ASSIGNED TASK: Each line from the one with "Papa – 300g" through the end of the records below should be transcribed exactly, and each picture should be skipped.
* * *
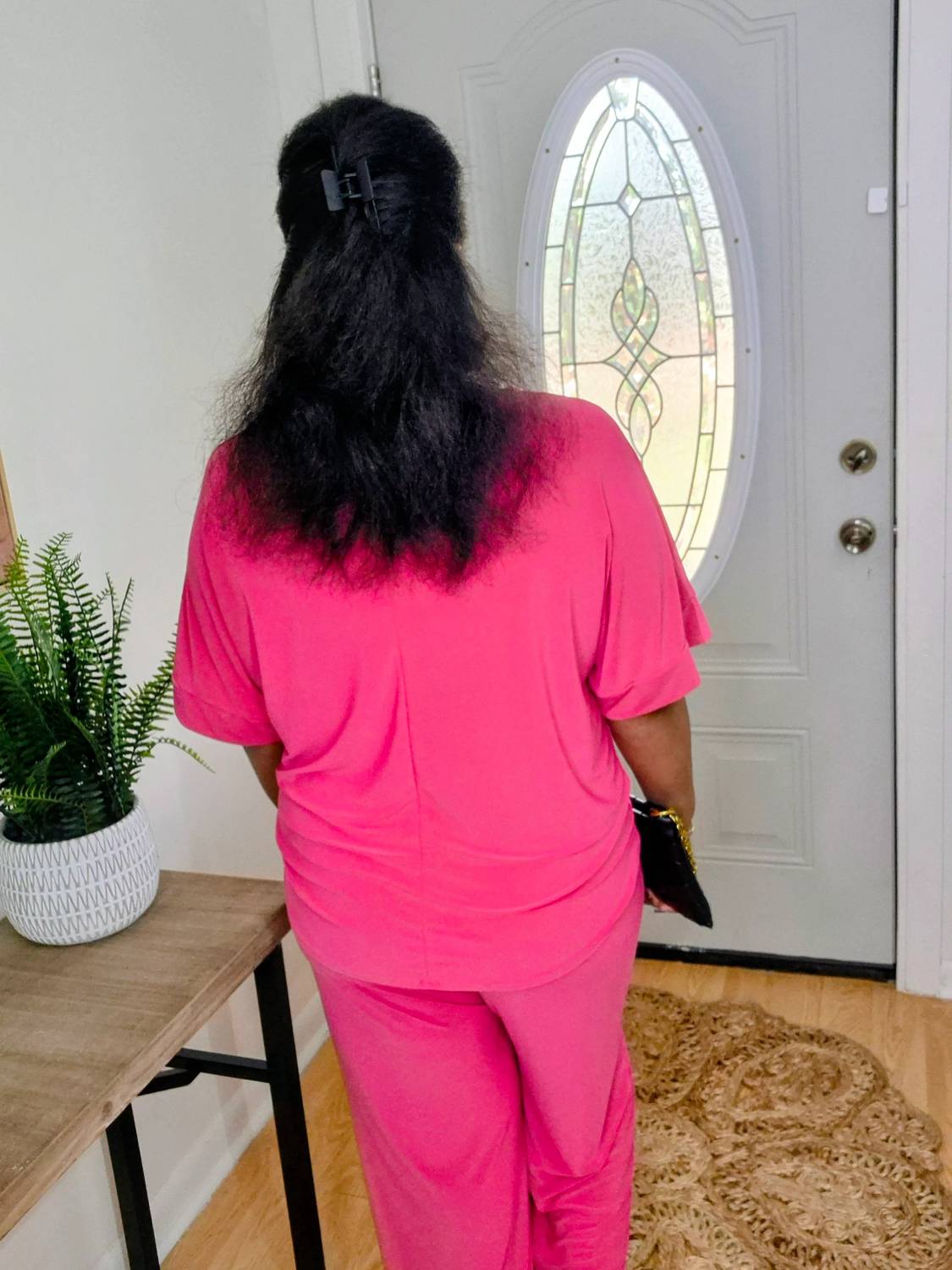 Dear Scarlett - V-neckline Tunic Top And Pant Travel Set
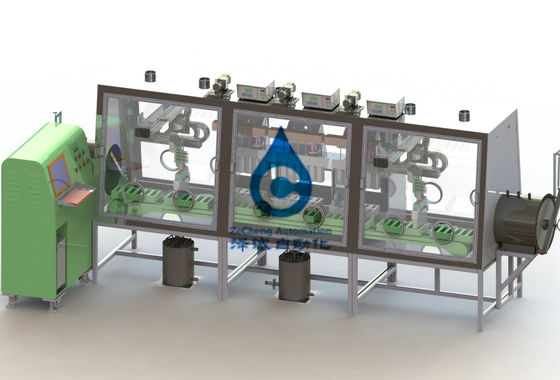 Macchina a iniezione liquida 220V dell'attrezzatura di produzione della batteria di 1,5 chilowatt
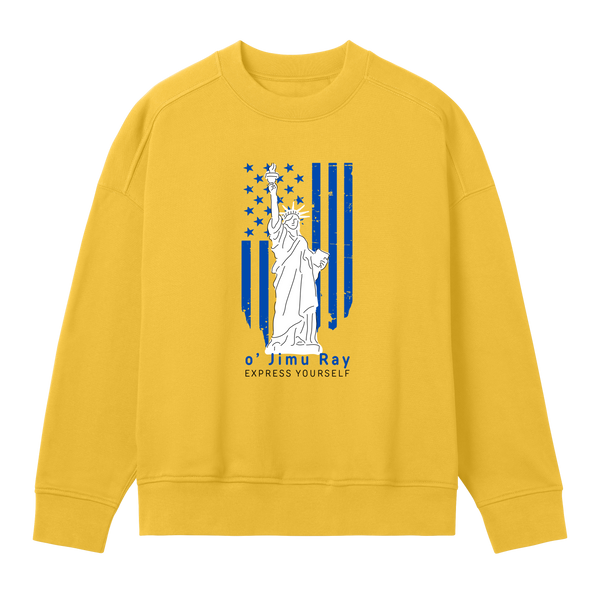 Patriot Spirit Women's Sweatshirt - o' Jimu Ray 4th July Special - Primrose yellow women - Sweatshirts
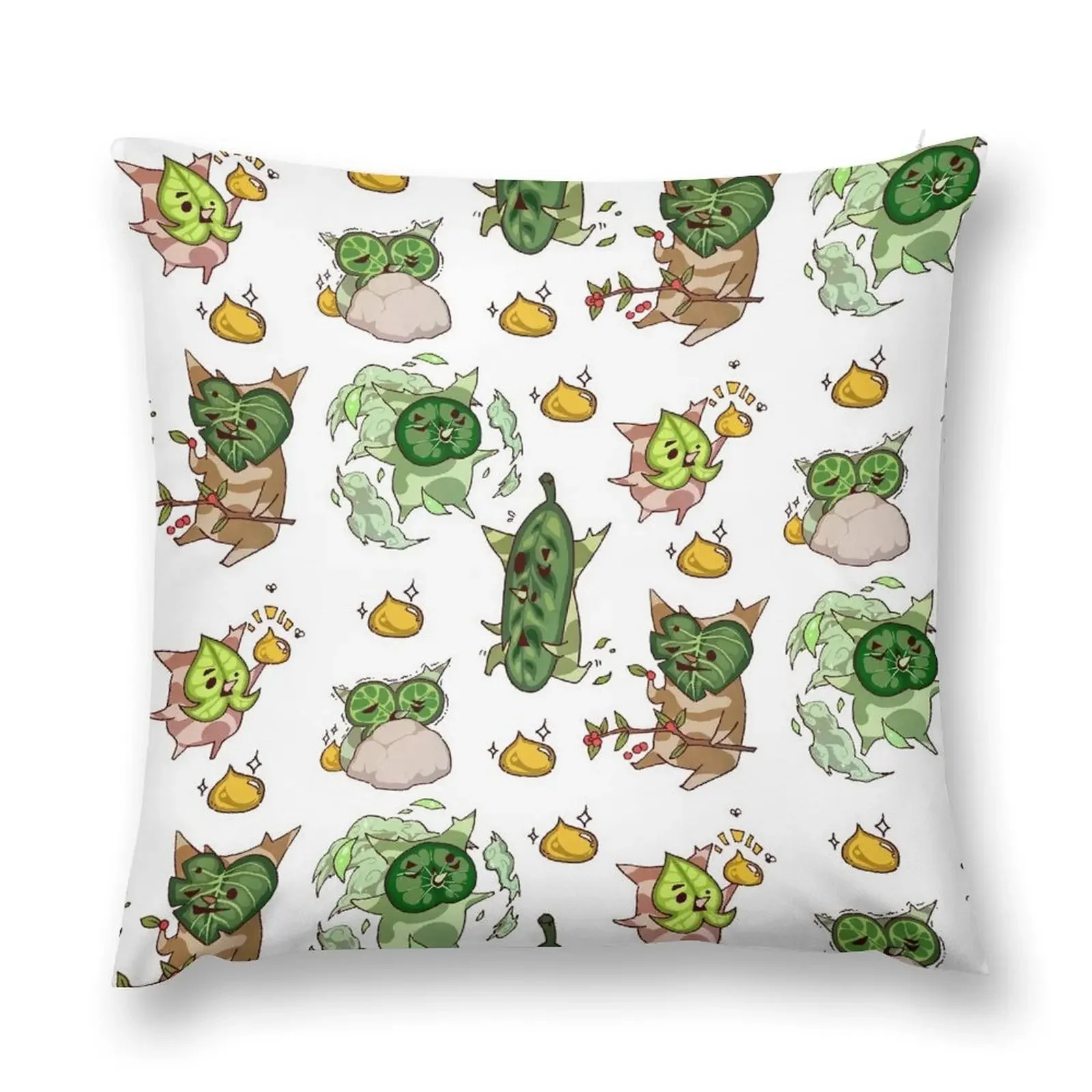 Koroks and Korok Seeds Pattern Throw Pillow Luxury Sofa Cushions Custom Cushion pillow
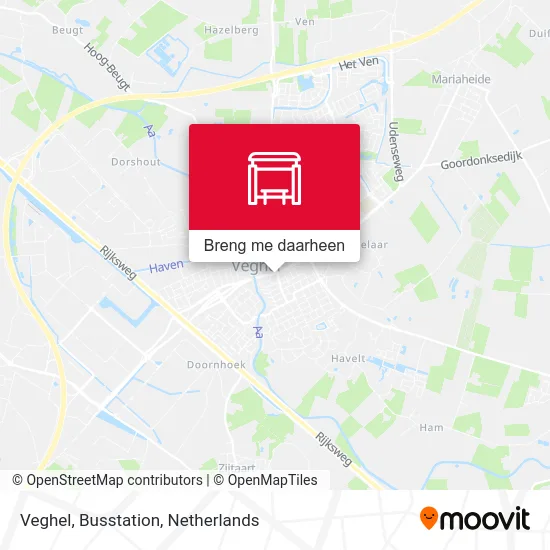 Veghel, Busstation kaart
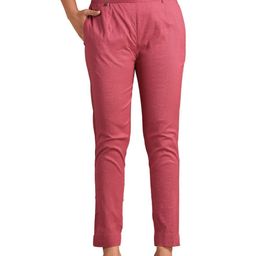 BAESD Women Mid Rise Easy Wash Cotton Cigarette Trousers-picture-26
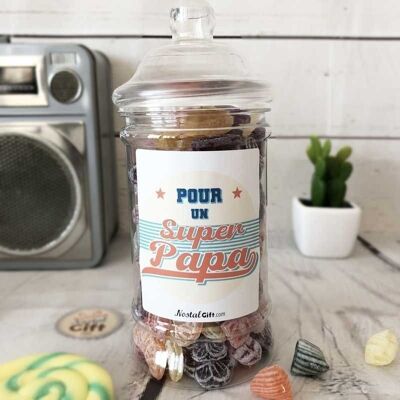 Bonbonnière  Papa – 300g mix de bonbons anciens –  Super Papa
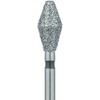 Patterson® Ultrasharp Diamond Burs – FG Standard, Super Coarse, 5/Pkg - Double Cone, Barrel Diamond, # 811L-037, 3.7 mm Diameter, 7.0 mm Length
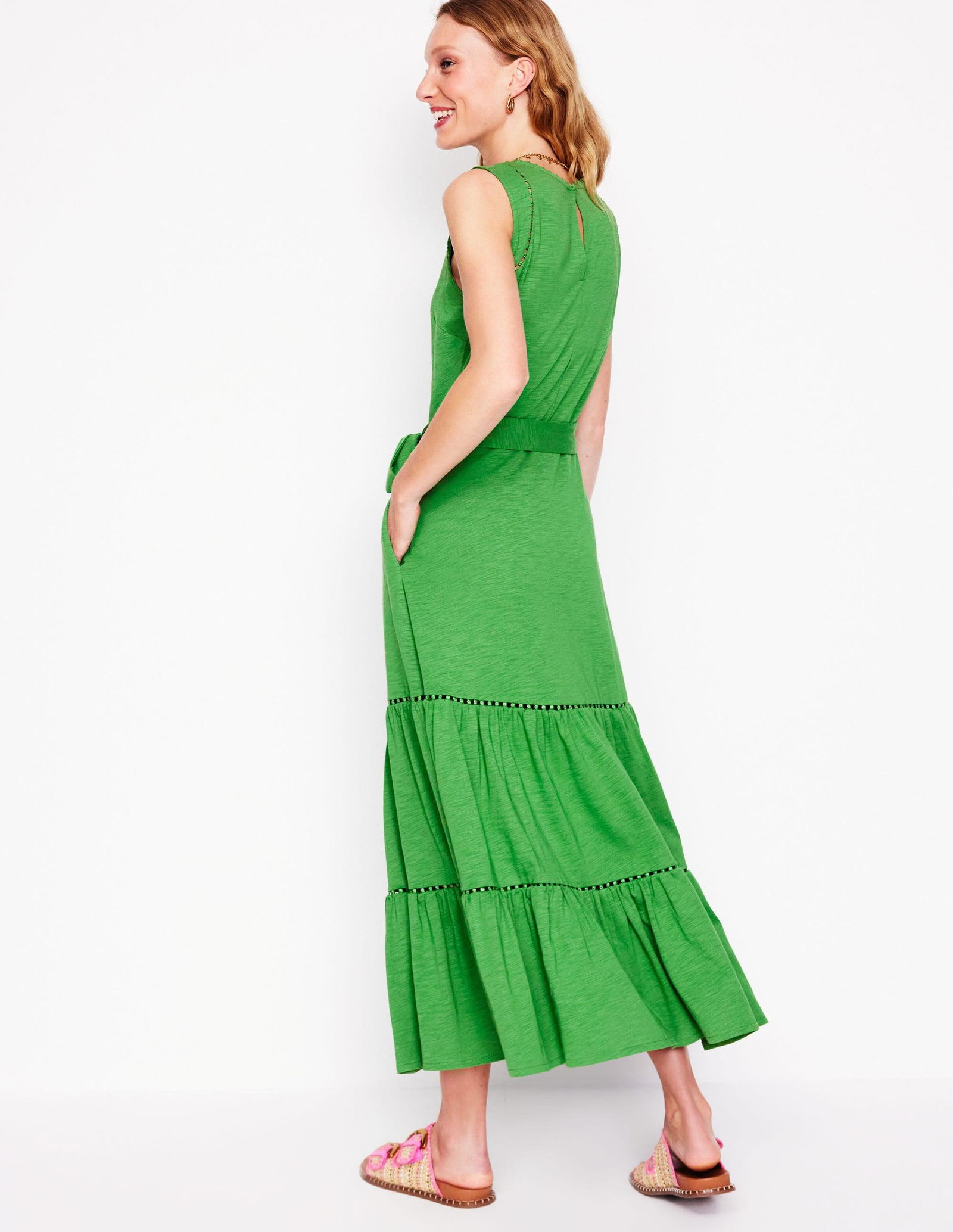 mila trim short jersey dress Mila Trim Short Jersey Dress - Bright Blue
* * *
ANSWER BOX:
 Bonbonnière  Papa – 300g mix de bonbons anciens –  Super Papa
 Patterson® Ultrasharp Diamond Burs – FG Standard, Super Coarse, 5/Pkg - Double Cone, Barrel Diamond, # 811L-037, 3.7 mm Diameter, 7.0 mm Length
 mila trim short jersey dress Mila Trim Short Jersey Dress - Bright Blue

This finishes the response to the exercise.